### Task goal
Your task is to copy the listing exactly, with the pictures left out.

### Entries provided
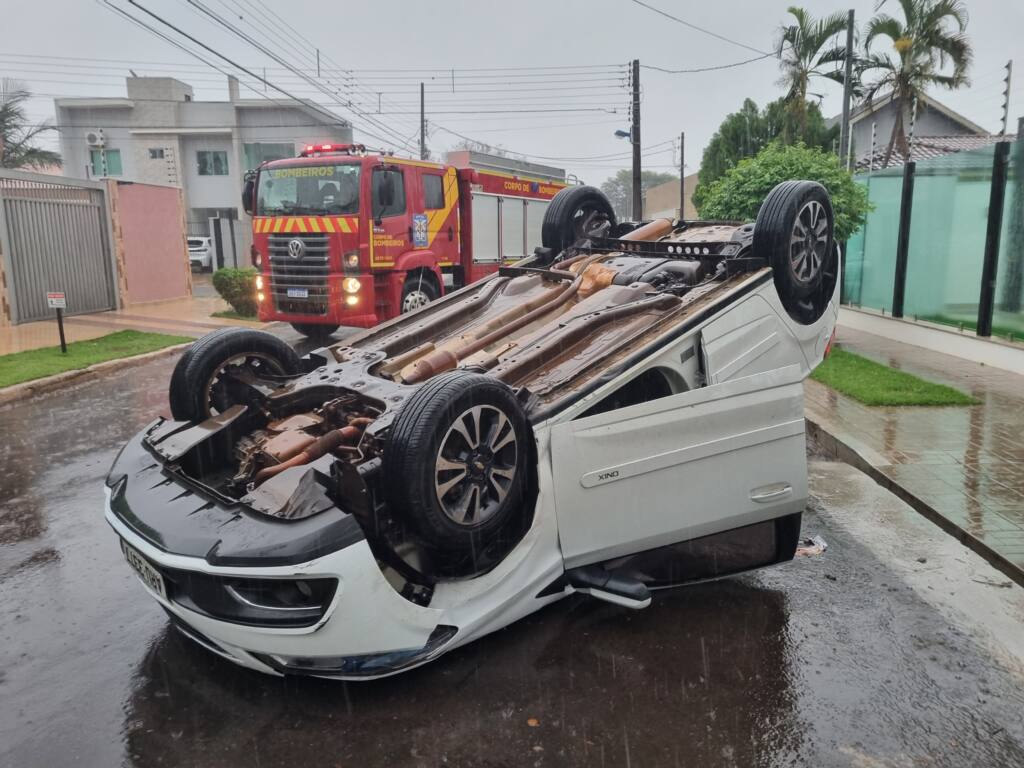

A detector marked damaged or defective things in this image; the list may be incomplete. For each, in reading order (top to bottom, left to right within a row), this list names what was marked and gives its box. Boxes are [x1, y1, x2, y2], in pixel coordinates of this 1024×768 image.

overturned white car [105, 179, 839, 679]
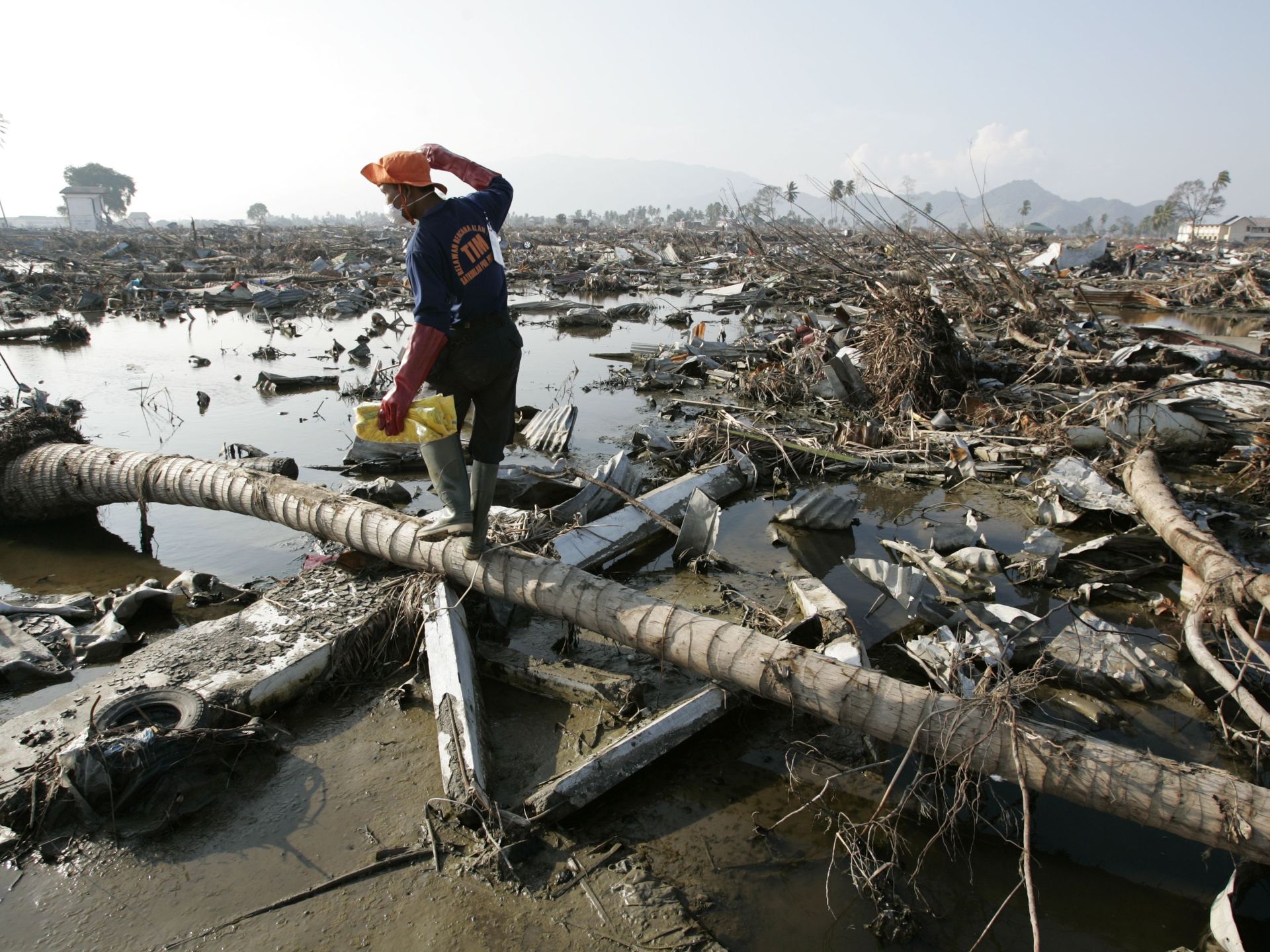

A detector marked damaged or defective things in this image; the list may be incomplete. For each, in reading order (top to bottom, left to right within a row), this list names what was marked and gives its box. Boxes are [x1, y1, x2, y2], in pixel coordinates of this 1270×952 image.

broken wooden beam [424, 586, 487, 817]
broken wooden beam [523, 685, 726, 827]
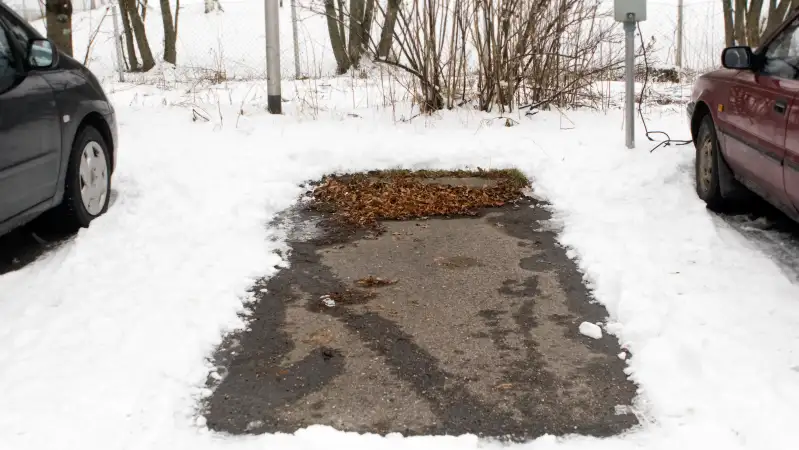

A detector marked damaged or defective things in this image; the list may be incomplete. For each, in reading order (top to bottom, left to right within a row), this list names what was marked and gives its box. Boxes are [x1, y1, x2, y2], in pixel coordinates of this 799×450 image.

bare asphalt patch [203, 188, 640, 442]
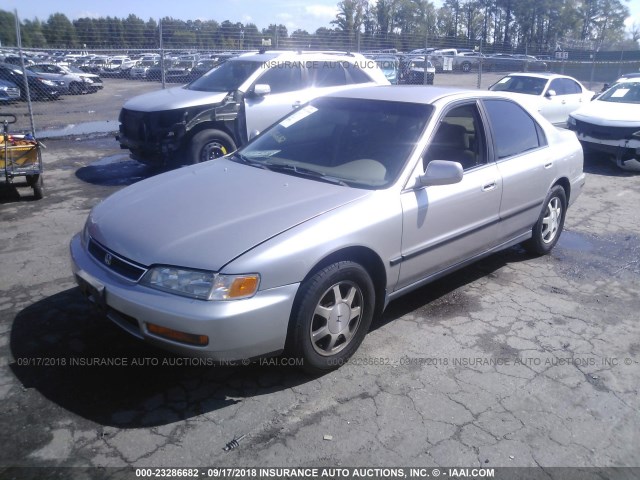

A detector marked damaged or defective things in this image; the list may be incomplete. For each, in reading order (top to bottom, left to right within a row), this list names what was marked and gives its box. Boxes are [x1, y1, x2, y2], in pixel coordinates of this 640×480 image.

### Answer to the exercise
A detector marked damaged or defective things in this image; the list may be incomplete. For each, in reading order (top to bottom, left to right within a row), this list names what was marked and gives its box. Boxes are [x1, y1, x2, y2], in pixel coordinates of this 1024×768 image.

overturned white car [105, 179, 839, 679]

A detector marked damaged or defective things in this image; the list may be incomplete. For each, in reading order (top to bottom, left to right within a row), this list names what was marked and gives its box. Boxes are [x1, y1, x2, y2], in pixel coordinates of this 1270×952 image.

broken wooden beam [424, 586, 487, 817]
broken wooden beam [523, 685, 726, 827]

A detector marked damaged or defective things in this image; the list may be incomplete. For each, in reading order (top to bottom, left to right within a row), this list names what was marked and gives its box. Boxes are [x1, y1, x2, y2], in pixel coordinates of this 799×450 image.

bare asphalt patch [203, 188, 640, 442]

A detector marked damaged or defective things in this image; the list may be incomplete. For each, in reading order (top to bottom, left to right within a row), this list names what was marked and gives its box. Boxes are [x1, y1, x2, y2], in pixel coordinates of this 640×480 image.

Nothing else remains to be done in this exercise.